1 Introduction and Literature Review

Many real-world applications require classifying “entities” not encountered earlier, e.g., object recognition (where every object is a category), cross-lingual dictionary induction (where every word is a category), etc. Here, one of the reasons is lack of resources to annotate available (and possibly systematically growing) datasets. To solve this problem, zero-shot learning has been proposed.

While multiple zero-shot learning approaches have been introduced ([9, 19]), as of today, none of them emerged as “the best”. In situations like this, meta-classifiers, which “receive suggestions” from individual classifiers and “judge” their value to select a “winner”, can be explored. The assumption is that such meta-classifiers will perform better than the individual ones.
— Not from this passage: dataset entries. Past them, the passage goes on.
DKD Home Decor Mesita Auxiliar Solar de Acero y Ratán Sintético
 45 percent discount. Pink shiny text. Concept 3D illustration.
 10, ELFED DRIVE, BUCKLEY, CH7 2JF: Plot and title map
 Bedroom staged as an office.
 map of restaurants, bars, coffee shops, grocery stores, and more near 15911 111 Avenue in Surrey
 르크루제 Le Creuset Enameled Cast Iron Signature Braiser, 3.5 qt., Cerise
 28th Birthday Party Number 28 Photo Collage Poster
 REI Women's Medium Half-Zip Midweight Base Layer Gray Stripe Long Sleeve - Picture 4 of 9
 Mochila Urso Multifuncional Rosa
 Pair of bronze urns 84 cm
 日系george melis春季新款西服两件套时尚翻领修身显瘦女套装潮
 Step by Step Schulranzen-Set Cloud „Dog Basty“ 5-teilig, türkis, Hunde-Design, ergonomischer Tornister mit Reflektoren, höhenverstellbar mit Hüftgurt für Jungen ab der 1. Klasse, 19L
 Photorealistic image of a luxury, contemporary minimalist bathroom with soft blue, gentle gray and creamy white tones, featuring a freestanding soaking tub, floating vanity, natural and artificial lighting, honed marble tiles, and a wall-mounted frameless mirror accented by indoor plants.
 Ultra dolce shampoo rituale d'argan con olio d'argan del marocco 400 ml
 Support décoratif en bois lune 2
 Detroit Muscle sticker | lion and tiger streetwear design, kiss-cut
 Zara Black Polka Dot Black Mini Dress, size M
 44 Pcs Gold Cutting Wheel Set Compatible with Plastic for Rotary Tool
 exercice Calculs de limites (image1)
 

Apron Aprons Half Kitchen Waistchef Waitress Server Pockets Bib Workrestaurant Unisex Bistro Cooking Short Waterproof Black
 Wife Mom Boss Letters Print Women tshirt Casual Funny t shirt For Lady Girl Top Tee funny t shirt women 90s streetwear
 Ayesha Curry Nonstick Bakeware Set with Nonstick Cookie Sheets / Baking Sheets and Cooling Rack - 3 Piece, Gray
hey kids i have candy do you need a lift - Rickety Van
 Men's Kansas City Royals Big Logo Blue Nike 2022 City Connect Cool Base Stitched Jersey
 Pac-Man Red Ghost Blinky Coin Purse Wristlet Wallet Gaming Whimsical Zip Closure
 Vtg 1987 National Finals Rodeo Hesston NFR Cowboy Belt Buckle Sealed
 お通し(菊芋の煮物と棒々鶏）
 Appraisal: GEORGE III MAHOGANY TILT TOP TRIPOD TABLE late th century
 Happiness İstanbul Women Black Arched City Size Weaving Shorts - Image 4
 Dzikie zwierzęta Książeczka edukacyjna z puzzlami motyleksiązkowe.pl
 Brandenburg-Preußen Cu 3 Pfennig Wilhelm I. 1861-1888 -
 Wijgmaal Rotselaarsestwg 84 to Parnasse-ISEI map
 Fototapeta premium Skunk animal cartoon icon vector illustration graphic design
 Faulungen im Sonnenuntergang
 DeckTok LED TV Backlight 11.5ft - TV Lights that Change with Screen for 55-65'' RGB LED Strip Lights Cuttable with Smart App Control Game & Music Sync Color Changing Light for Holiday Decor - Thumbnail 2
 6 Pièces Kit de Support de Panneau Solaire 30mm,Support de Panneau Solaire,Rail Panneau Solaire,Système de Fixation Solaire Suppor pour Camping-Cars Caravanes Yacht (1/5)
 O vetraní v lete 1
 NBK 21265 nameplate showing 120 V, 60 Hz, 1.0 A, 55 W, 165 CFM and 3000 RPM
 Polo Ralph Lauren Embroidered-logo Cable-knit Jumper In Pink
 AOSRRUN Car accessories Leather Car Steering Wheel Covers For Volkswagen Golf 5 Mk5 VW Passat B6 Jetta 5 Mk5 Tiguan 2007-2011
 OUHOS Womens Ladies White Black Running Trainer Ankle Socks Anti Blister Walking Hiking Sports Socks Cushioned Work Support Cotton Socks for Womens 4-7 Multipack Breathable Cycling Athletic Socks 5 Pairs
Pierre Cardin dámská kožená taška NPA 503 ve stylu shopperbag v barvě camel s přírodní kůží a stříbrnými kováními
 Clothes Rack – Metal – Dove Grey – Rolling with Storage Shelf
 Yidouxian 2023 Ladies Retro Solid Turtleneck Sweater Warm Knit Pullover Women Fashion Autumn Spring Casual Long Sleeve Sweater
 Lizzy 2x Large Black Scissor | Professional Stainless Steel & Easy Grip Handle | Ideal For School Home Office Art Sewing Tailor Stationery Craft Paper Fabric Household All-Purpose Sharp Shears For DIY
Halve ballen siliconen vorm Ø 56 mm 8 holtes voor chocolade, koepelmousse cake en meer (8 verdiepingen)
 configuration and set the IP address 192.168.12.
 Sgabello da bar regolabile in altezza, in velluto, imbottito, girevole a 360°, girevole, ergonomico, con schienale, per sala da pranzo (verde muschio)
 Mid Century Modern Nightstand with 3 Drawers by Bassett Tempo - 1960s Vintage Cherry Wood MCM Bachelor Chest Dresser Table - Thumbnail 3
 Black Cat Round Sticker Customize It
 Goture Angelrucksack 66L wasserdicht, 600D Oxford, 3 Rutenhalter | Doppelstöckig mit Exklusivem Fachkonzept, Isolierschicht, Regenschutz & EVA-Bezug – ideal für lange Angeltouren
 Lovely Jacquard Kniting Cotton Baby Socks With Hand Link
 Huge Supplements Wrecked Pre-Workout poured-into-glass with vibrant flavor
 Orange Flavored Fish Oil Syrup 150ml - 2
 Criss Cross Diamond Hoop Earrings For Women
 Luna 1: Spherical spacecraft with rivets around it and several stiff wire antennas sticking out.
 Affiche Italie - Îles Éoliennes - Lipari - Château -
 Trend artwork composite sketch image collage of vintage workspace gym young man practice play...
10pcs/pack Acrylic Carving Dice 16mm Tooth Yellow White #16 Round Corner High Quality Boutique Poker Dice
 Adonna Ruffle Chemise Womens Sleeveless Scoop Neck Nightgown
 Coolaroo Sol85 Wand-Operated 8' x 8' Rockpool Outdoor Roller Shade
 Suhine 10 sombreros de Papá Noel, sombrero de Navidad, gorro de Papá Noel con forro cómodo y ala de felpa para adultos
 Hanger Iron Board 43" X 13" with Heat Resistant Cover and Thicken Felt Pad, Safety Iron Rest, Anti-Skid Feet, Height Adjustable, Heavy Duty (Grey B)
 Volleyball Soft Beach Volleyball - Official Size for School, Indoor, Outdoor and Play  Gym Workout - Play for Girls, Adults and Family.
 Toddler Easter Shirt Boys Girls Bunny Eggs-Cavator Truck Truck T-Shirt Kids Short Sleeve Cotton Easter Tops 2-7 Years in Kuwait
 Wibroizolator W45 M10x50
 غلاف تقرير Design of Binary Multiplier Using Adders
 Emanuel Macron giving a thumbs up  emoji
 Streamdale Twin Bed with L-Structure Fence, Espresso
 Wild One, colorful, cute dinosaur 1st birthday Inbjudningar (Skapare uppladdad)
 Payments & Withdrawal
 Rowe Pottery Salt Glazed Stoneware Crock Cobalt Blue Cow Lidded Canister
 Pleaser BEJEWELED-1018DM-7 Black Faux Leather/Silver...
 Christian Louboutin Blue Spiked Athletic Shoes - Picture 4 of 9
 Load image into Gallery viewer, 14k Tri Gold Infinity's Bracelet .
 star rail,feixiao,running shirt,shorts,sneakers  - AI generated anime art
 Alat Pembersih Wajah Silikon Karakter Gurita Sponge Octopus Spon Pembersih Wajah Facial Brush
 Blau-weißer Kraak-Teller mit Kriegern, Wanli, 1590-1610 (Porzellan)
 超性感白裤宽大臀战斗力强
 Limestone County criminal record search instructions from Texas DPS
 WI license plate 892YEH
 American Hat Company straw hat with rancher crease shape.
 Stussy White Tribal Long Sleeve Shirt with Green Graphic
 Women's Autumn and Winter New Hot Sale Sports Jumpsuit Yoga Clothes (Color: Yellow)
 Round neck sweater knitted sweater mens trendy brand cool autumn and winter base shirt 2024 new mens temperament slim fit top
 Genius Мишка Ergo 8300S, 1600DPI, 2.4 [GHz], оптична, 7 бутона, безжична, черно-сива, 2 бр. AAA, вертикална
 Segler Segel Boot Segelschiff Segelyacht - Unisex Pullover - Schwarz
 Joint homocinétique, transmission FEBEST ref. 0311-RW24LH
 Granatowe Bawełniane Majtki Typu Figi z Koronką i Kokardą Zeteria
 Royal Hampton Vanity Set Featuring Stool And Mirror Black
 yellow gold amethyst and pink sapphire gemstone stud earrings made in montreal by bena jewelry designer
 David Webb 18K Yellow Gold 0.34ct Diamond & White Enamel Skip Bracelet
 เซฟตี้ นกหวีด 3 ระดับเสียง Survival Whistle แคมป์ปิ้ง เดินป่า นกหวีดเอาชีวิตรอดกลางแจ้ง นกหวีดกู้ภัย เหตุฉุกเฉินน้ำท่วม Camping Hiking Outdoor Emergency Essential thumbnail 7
Let us start from the formal problem formulation. Given a dataset of image embeddings \(\mathcal {X}=\{(x_i,y_i)\in \mathcal {X}\times \mathcal {Y}|i=1,...,N_{tr}+N_{te}\}\), each image is a real D-dimensional embedding vector comprised of features \(x_i\in \mathbb {R}^D\), and each class label is represented by an integer \(y_i\in \mathcal {Y}\equiv \{1,...,N_0,N_0+1,...,N_0+N_1\}\) giving \(N_0+N_1\) distinct classes. Here, for generality, it is assumed that . The dataset \(\mathcal {X}\) is divided into two subsets: (1) training set and (2) test set. The training set is given by \(X^{tr}=\{(x_i^{tr},y_i^{tr})\in \mathcal {X}\times \mathcal {Y}_0|i=1,...,N_{tr}\}\), where \(y_i^{tr}\in \mathcal {Y}_0\equiv \{1,...,N_0\}\), resulting in \(N_0\) distinct training classes. The test set is given by \(X^{te}=\{(x_i^{te},y_i^{te})\in \mathcal {X}\times \mathcal {Y}_1|i=N_{tr}+1,...,N_{te}\}\), where \(y_i^{te}\in \mathcal {Y}_1\equiv \{N_0+1,...,N_0+N_1\}\) providing \(N_1\) distinct test classes.

The goal of zero-shot learning is to train a model (on dataset \(X^{tr}\)) that performs “well” for the test dataset \(X^{te}\). Obviously, zero-shot learning requires auxiliary information associating labels from the training and the test sets, when \(\mathcal {Y}_0\cap \mathcal {Y}_1=\emptyset \). The solution is to represent each class label y \((1\le y\le N_0+N_1)\) by its prototype (semantic embedding). Here, \(\pi (\cdot ):\mathcal {Y}_0\cup \mathcal {Y}_1\rightarrow \mathcal {P}\) is the prototyping function, and \(\mathcal {P}\) is the semantic embedding space. The prototype vectors are such that any two class labels \(y_0\) and \(y_1\) are similar if and only if their prototype representations \(\pi (y_0)=p_0\) and \(\pi (y_1)=p_1\) are close in the semantic embedding space \(\mathcal {P}\). For example, their inner product is large in \(\mathcal {P}\), i.e., \(\langle \pi (y_0),\pi (y_1)\rangle _\mathcal {P}\) is large. Prototyping all class labels into a joint semantic space, i.e., \(\{\pi (y)|y\in \mathcal {Y}_0\cup \mathcal {Y}_1\}\), results in labels becoming related. This resolves the problem of disjoint class sets, and the model can learn from the labels in the training set, and predict labels from the test set.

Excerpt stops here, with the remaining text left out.